In Re: In the Matter of the Fort Totten Metrorail Cases Arising Out of the Events of June 22, 2009
960 F. Supp. 2d 2
| D.D.C. | 2013Background
- On June 22, 2009 two WMATA trains collided near Fort Totten, killing nine and injuring many; numerous consolidated civil suits followed (Misc. No. 10-314).
- WP Company, LLC (The Washington Post) moved to permissively intervene under Rule 24(b) to obtain access to multiple sealed docket entries, invoking common-law and First Amendment access rights.
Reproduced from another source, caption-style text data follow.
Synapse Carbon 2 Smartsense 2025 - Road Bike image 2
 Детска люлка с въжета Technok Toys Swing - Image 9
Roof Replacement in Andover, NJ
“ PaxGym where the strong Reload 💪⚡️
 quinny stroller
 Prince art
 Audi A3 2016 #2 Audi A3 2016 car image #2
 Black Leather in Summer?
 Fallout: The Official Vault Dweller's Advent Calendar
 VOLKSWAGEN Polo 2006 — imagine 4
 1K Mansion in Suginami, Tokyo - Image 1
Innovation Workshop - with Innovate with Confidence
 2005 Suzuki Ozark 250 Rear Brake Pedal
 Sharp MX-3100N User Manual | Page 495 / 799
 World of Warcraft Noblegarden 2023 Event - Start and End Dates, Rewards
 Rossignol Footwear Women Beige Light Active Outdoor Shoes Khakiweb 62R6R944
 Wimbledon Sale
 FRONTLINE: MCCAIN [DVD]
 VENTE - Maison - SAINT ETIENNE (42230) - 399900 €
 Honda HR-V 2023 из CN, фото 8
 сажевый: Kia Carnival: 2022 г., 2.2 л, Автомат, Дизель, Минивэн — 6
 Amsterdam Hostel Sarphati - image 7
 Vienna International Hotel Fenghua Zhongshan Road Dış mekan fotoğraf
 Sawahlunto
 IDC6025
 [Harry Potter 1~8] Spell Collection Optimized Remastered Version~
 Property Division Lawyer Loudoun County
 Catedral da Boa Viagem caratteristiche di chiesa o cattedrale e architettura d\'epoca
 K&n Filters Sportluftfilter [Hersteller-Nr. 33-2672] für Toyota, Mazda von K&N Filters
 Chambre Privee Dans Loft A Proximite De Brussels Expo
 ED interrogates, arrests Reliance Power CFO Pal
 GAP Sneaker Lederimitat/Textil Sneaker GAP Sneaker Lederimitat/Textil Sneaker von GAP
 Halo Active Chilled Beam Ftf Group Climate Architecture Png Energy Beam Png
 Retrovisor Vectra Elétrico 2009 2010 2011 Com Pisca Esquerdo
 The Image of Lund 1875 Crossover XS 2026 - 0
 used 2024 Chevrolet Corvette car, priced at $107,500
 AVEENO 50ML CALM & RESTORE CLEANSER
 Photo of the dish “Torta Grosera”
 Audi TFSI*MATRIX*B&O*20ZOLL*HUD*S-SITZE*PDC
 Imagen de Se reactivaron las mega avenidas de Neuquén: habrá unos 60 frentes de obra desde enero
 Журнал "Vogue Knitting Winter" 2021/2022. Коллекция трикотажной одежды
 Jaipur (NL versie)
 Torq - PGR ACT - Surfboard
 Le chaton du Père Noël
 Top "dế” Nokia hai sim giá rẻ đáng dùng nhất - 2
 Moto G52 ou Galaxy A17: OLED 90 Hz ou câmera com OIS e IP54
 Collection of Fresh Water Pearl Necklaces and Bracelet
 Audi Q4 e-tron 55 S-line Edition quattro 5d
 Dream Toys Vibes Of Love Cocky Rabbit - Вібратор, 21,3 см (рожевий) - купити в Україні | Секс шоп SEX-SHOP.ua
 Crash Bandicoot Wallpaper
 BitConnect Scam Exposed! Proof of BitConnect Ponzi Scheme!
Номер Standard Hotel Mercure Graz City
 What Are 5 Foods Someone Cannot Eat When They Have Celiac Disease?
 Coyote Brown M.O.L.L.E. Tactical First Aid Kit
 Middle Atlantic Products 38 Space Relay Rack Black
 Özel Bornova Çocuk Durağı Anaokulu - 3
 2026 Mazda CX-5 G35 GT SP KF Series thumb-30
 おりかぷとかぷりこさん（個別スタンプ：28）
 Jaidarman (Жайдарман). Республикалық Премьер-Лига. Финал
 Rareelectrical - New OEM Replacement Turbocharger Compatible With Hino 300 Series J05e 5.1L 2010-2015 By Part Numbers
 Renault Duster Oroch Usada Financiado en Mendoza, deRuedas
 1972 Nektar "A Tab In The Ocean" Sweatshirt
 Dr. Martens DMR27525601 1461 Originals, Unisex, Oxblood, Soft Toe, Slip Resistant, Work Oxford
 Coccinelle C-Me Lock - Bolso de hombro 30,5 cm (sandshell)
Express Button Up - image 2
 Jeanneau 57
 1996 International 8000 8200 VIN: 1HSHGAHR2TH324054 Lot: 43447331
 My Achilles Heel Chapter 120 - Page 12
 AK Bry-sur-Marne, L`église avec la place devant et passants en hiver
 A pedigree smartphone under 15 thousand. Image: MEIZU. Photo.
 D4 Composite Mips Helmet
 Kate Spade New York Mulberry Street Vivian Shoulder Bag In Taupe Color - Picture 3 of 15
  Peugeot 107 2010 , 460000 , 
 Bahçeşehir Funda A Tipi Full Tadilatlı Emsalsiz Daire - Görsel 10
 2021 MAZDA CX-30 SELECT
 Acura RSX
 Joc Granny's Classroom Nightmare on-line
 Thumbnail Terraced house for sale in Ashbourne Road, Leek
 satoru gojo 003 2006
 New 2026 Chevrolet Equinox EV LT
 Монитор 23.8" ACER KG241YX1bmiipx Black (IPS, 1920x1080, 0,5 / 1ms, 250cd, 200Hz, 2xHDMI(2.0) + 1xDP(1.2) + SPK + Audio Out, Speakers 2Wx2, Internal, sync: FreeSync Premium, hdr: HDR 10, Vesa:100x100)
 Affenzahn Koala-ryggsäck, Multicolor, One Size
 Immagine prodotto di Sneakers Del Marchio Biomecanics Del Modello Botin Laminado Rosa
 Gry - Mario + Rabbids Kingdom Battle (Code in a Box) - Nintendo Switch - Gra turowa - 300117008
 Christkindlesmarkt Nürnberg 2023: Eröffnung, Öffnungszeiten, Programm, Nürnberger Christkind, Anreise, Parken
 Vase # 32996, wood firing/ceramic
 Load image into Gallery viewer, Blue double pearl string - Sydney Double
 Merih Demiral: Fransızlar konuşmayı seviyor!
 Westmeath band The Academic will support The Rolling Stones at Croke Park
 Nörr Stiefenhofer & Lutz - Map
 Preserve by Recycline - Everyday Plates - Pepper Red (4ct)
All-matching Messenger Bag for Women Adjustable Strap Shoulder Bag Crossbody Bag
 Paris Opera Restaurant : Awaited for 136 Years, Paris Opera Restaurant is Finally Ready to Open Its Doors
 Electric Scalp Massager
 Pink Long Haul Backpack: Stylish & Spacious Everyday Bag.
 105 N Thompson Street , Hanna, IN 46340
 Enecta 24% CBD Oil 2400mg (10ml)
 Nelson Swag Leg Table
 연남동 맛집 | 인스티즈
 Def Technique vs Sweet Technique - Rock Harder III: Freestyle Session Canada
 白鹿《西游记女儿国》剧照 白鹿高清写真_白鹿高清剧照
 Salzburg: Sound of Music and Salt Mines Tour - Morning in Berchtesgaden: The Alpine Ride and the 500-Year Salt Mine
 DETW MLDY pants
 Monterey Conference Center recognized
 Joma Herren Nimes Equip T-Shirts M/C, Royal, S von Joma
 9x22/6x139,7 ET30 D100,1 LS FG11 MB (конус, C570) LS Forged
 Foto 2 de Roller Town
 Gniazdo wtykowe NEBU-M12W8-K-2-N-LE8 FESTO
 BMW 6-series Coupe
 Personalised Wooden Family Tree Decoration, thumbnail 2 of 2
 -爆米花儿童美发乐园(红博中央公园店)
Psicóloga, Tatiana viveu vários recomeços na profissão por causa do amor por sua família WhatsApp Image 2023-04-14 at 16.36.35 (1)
- Sealed materials fell into three categories: (1) settlement documents submitted for court approval involving minor plaintiffs; (2) mediation-related filings (including a mediation tied to plaintiff Tawanda Brown and several defendants-only mediations); and (3) documents containing medical or other sensitive information about individual plaintiffs.
- The court applied the D.C. Circuit two-step common-law access test: (a) whether a filing is a judicial record (its role in adjudication), and (b) a Hubbard-factor balancing to determine whether the presumption of public access is overcome.
- Rulings: the Post was granted permissive intervention; minor settlement documents and both categories of mediation-related filings were ordered unsealed (with redactions/limited anonymity for minors); certain motions in limine and related medical-sensitive filings remained sealed; three pretrial filings that played no judicial role remained sealed.
Issues
| Issue | Plaintiff's Argument | Defendant's Argument | Held |
|---|---|---|---|
| 1. Whether Post may intervene to seek access | Post: permissive intervention allowed to seek access to sealed court records | Defs: technical Rule 24(c) pleading deficiency; otherwise opposed access | Court: granted permissive intervention under Rule 24(b) for access purposes |
| 2. Whether minor-settlement documents are judicial records and must be unsealed | Post: common-law access applies; public interest in WMATA settlement terms; redactions OK for sensitive data | Defs: confidentiality was key to settlement; privacy and reliance interests for minors justify sealing | Court: documents are judicial records; public interest and §21-120(a) oversight weigh heavily for disclosure; unseal with redaction of medical information and redact minors’ names/birthdates per Rule 5.2(a) |
| 3. Whether mediation-related records should remain sealed (Brown mediation and defendants-only mediations) | Post: access warranted; much of the Brown-material already in public domain; defendants-only mediation materials became judicial records when defendants litigated their enforcement dispute | Defs: Local Rule 84.9/confidentiality agreements and policy favor shielding mediation communications; risk of chilling settlement | Held: Brown-related filings unsealed (material already public); defendants-only mediation records unsealed because defendants invoked the court to resolve a mediation dispute, subjecting those materials to public-access presumption |
| 4. Whether filings containing medical/sensitive plaintiff information must be unsealed | Post: seeks access but agrees to redact sensitive medical info | Pls/Defs: strong privacy interests, little public need; some pretrial filings played no judicial role | Court: motion in limine and order excluding sensitive minor info remain sealed; other pretrial filings that never played an adjudicative role are not judicial records and remain sealed |
Key Cases Cited
- United States v. El-Sayegh, 131 F.3d 158 (D.C. Cir. 1997) (defines "judicial records" based on role in adjudication)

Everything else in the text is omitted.